▶ [Task statement]:
Begin with the line below holding "Hello, I'm Mohamed" and go on through the line holding "The Nexus portal", duplicating each line exactly and leaving out pictures.

▶ [Source material]:
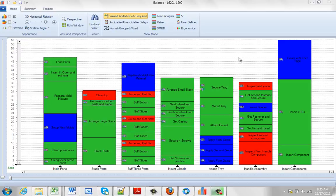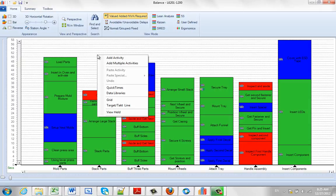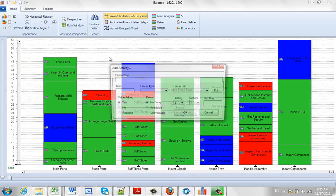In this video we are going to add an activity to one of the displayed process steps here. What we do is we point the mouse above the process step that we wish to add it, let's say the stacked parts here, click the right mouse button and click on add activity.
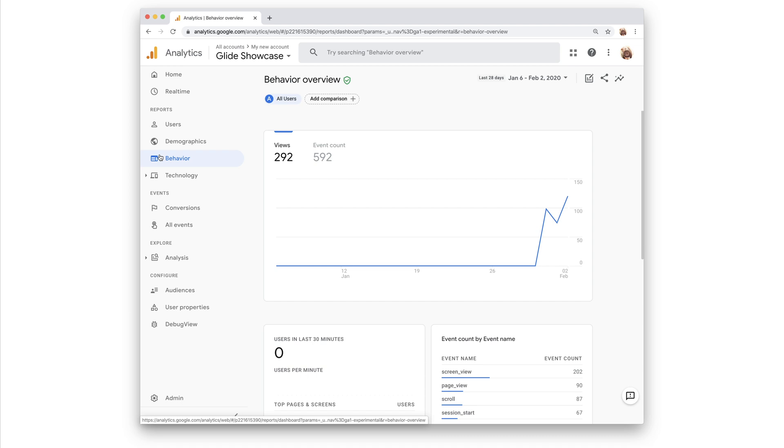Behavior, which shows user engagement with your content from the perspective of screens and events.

---

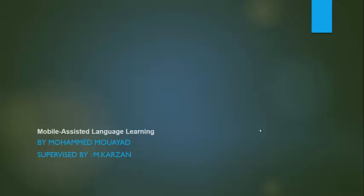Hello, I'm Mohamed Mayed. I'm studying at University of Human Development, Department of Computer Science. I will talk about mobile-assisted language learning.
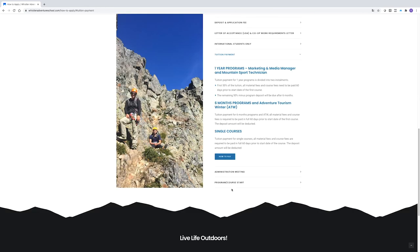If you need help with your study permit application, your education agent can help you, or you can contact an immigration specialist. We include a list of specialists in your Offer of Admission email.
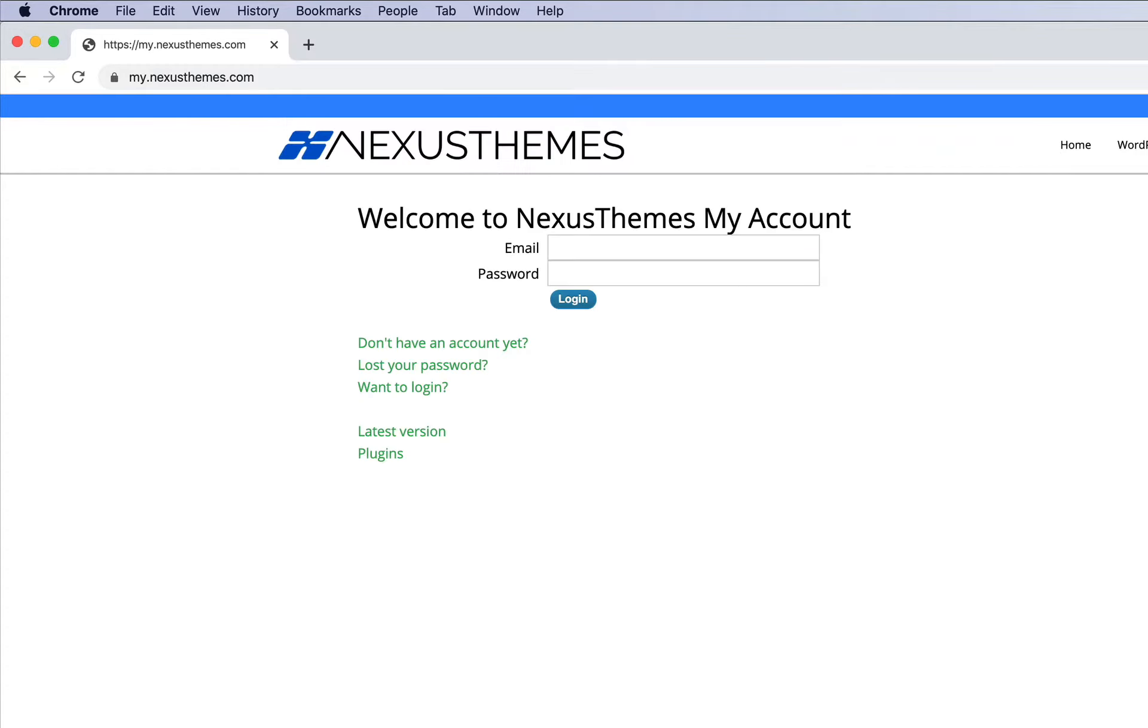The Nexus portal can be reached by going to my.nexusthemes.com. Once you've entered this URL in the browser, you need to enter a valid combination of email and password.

▶ [Solution to this exercise]:
Hello, I'm Mohamed Mayed. I'm studying at University of Human Development, Department of Computer Science. I will talk about mobile-assisted language learning.
If you need help with your study permit application, your education agent can help you, or you can contact an immigration specialist. We include a list of specialists in your Offer of Admission email.
The Nexus portal can be reached by going to my.nexusthemes.com. Once you've entered this URL in the browser, you need to enter a valid combination of email and password.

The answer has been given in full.